Investigating Sparsity in Recurrent Neural Networks

Harshil Darji
DOI: https://doi.org/10.13140/RG.2.2.30539.20004
2024-07-30
Abstract:In the past few years, neural networks have evolved from simple Feedforward Neural Networks to more complex neural networks, such as Convolutional Neural Networks and Recurrent Neural Networks. Where CNNs are a perfect fit for tasks where the sequence is not important such as image recognition, RNNs are useful when order is important such as machine translation. An increasing number of layers in a neural network is one way to improve its performance, but it also increases its complexity making it much more time and power-consuming to train. One way to tackle this problem is to introduce sparsity in the architecture of the neural network. Pruning is one of the many methods to make a neural network architecture sparse by clipping out weights below a certain threshold while keeping the performance near to the original. Another way is to generate arbitrary structures using random graphs and embed them between an input and output layer of an Artificial Neural Network. Many researchers in past years have focused on pruning mainly CNNs, while hardly any research is done for the same in RNNs. The same also holds in creating sparse architectures for RNNs by generating and embedding arbitrary structures. Therefore, this thesis focuses on investigating the effects of the before-mentioned two techniques on the performance of RNNs. We first describe the pruning of RNNs, its impact on the performance of RNNs, and the number of training epochs required to regain accuracy after the pruning is performed. Next, we continue with the creation and training of Sparse Recurrent Neural Networks and identify the relation between the performance and the graph properties of its underlying arbitrary structure. We perform these experiments on RNN with Tanh nonlinearity (RNN-Tanh), RNN with ReLU nonlinearity (RNN-ReLU), GRU, and LSTM. Finally, we analyze and discuss the results achieved from both the experiments.
Machine Learning
What problem does this paper attempt to address?
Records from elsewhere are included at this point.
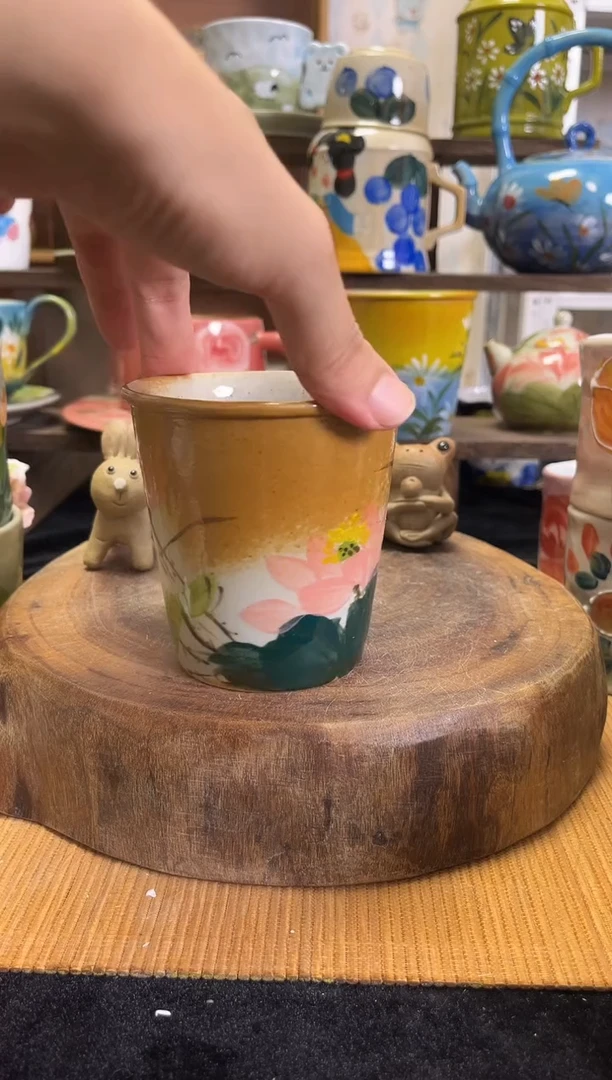 杯子手绘高温釉下陶瓷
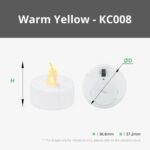 LED Flame Tea Light Candle Set Warm Yellow (12pcs) D37.2x36.6mm - Bambu Lab - Image 2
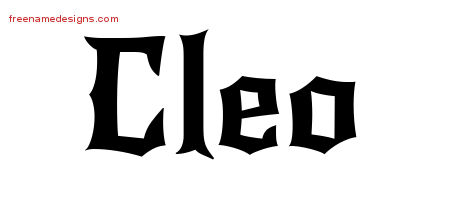 Gothic Name Tattoo Designs Cleo Free Graphic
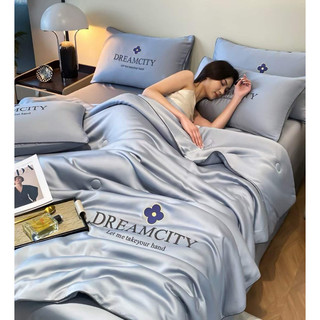 Bộ Chăn Ga Gối Phi Lụa Chăn Chần Dream City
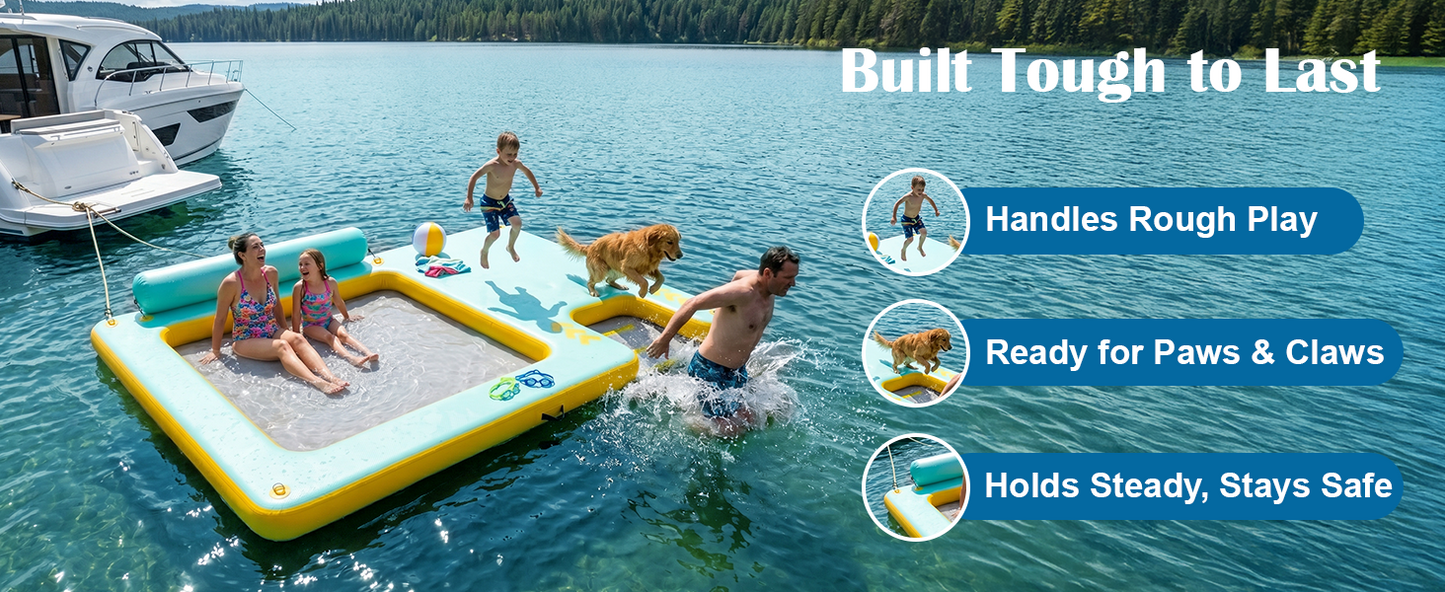 10FT Inflatable Floating Dock with Water Hammock & Dog Ramp, Portable Swim Platform for Lakes, Boats & Pools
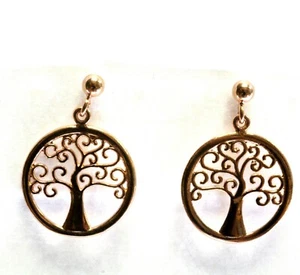 925 Rose Pink Gold Plated Tree of Life earrings 4.3g estate vintage antique - Picture 1 of 7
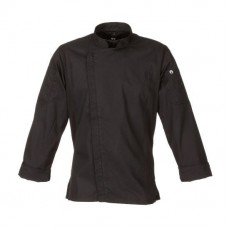 Chef Works BCLZ008-BLK-2XL Hartford Black Chef Coat, 2X-Large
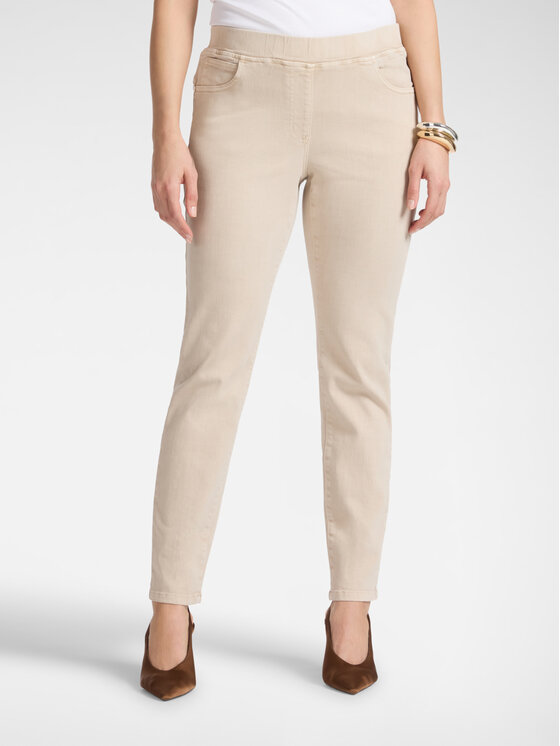 Elena Mirò Elena Mirò Spodnie materiałowe P152P100439N002 Kremowy Slim Fit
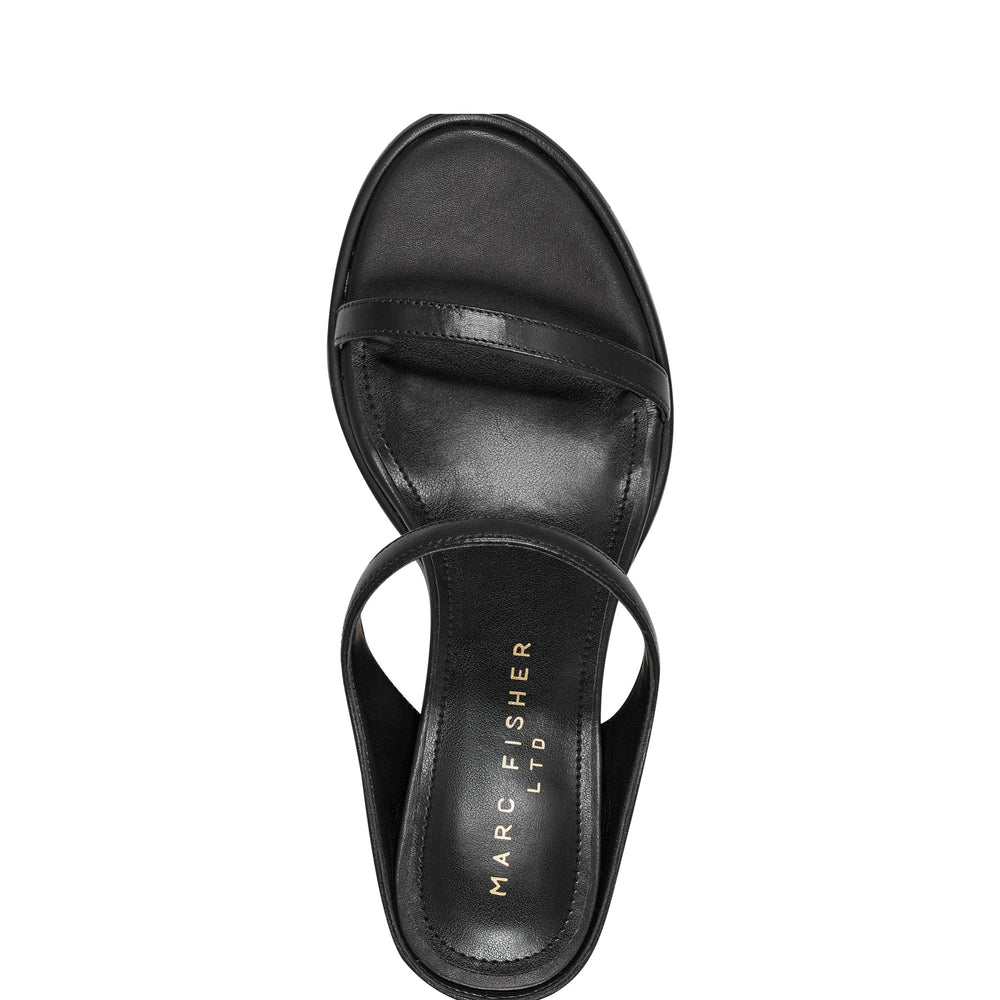 Alonde Heeled Slide Sandal - Black Leather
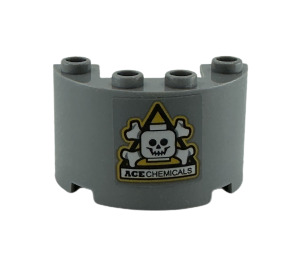 LEGO Cylinder 2 x 4 x 2 Half with Skull and Crossbones Danger Sign Sticker (24593)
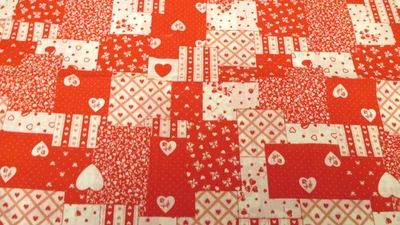 Tela de algodón rojo blanco vintage Wamsutta OTC retazos corazones tramposos 1 yarda 9"x 44 Foto 1 de 4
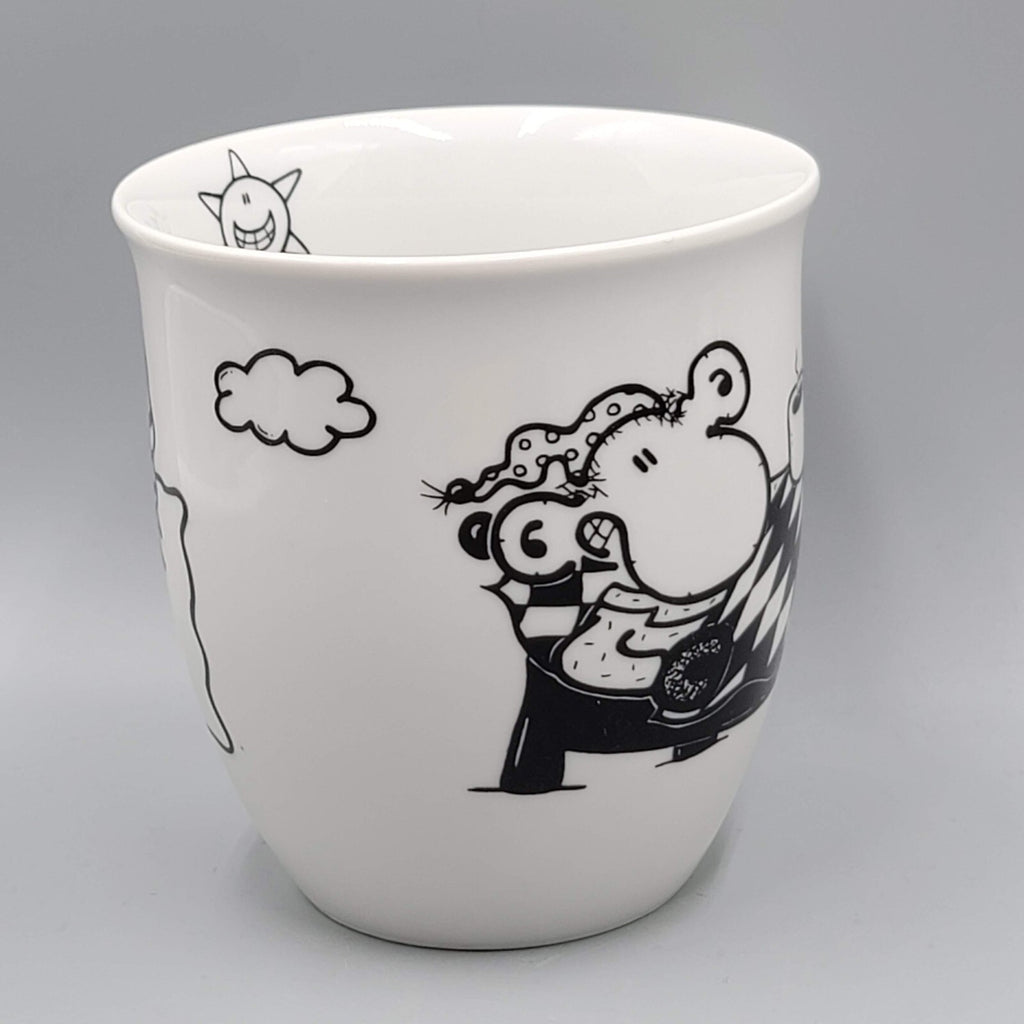 Sheepworld NICI Good Morning Mug Black White Cartoon Coffee Cup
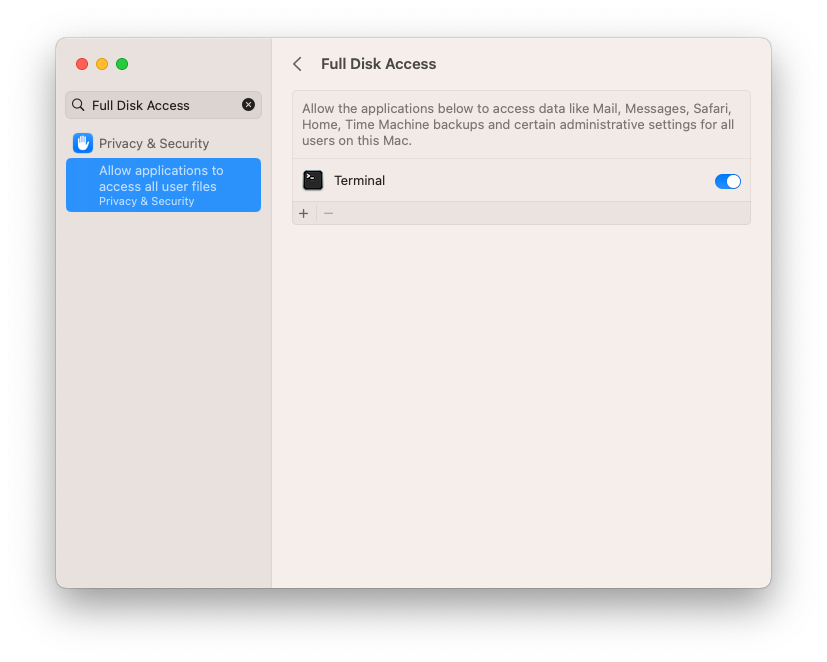 Full Disk Access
This paper primarily explores the issue of sparsity in Recurrent Neural Networks (RNNs) and achieves network structure sparsification through two methods: weight pruning and sparse network structures based on random graph generation. ### 1. Weight Pruning The paper first investigates the impact of weight pruning on the accuracy of Recurrent Neural Networks. Specifically, it explores: - Pruning weights from input-to-hidden and hidden-to-hidden layers simultaneously. - Pruning weights from input-to-hidden layers alone. - Pruning weights from hidden-to-hidden layers alone. By pruning different proportions of weights from trained models and retraining these pruned models, the study examines how many training epochs are required to recover accuracy. This helps determine the maximum acceptable pruning ratio and the number of training epochs needed to restore accuracy after a significant drop. ### 2. Randomly Structured Recurrent Neural Networks Additionally, the paper analyzes the performance of randomly structured Recurrent Neural Networks. This method involves generating random structures and embedding them into artificial neural networks to create Sparse-RNNs. These random structures are produced by random graph generators and then embedded between the input and output layers. The experiments evaluate the relationship between the performance of randomly structured recurrent networks and the graph properties of their internal structures. ### Summary The main objective of the paper is to explore the impact of sparse structures on the performance of Recurrent Neural Networks and their variants (such as Long Short-Term Memory networks (LSTMs) and Gated Recurrent Units (GRUs)) through the aforementioned methods. By addressing a series of research questions, including the impact of pruning on accuracy, acceptable pruning ratios, the number of training epochs required to recover accuracy, and the correlation between the performance of randomly structured networks and their internal graph properties, the paper aims to provide a theoretical foundation and empirical evidence for understanding how to effectively reduce the complexity of Recurrent Neural Networks and improve their efficiency.